But Lucy was not dependent on her uncle, scarcely on her grandmother, even. Before her mother's death, almost child as she still was, she had begun to give lessons in music to a younger child than herself, the daughter of one of her father's favorite pupils, who had married a rich merchant; and these lessons she continued. She was a favorite with the family, who were Jews, living in one of the older quarters of the west end of London; and they paid her handsomely, her age and experience taken into account. Every morning, except Saturday, she went by the underground railway to give an hour's lesson to Miriam Morgenstern, a gorgeous little eastern, whom her parents had no right to dress in such foggy colors as she wore.
Now a long farewell to preliminaries.
Lucy was just leaving her home one morning to go to her pupil, and had turned into the flagged passage which led from the archway into the court, when she met a little girl of her acquaintance, whom, with her help, I shall now present to my readers. She was a child of eight, but very small for her age. Her hair was neatly parted and brushed on each side of a large, smooth forehead, projecting over quiet eyes of blue, made yet quieter by the shadow of those brows. The rest of her face was very diminutive. A soberness as of complete womanhood, tried and chastened, lay upon her. She looked as if she had pondered upon life and its goal, and had made up her little mind to meet its troubles with patience. She was dressed in a cotton frock printed with blue rose-buds, faded by many waters and much soap. When she spoke, she used only one side of her mouth for the purpose, and then the old-fashionedness of her look rose almost to the antique, so that you could have fancied her one of the time-belated good people that, leaving the green forest-rings, had wandered into the city and become a Christian at a hundred years of age.

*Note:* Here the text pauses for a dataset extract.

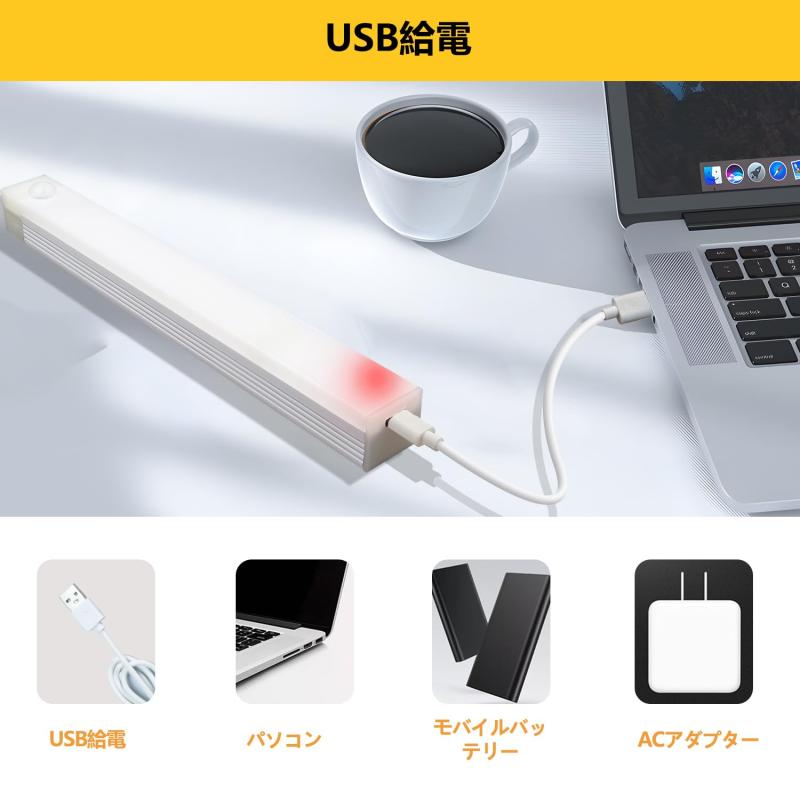 Arotelicht LED キッチンライト 40cm バーライト タッチレス 無段階調光 センサーライト 0.7cm超薄型 クローゼットライト 目に優しい 手元灯 流し元灯 工事不要 貼り付け型 台所/廊下/玄関/寝室/階 vision-stores-10269128 ビジョンストア サンプル画像3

"Well, Mattie," said Lucy, "how are you this morning?"
"I am quite well, I thank you, miss," answered Mattie. "I don't call this morning. The church clock struck eleven five minutes ago."
This was uttered with a smile from the half of her mouth which seemed to say, "I know you want to have a little fun with me by using wrong names for things because I am a little girl, and little girls can be taken in; but it is of no use with me, though I can enjoy the joke of it."
Lucy smiled too, but not much, for she knew the child.
"What do you call the morning, then, Mattie?" she asked.
"Well,"—she almost always began her sentences with a Well—"I call it morning before the sun is up."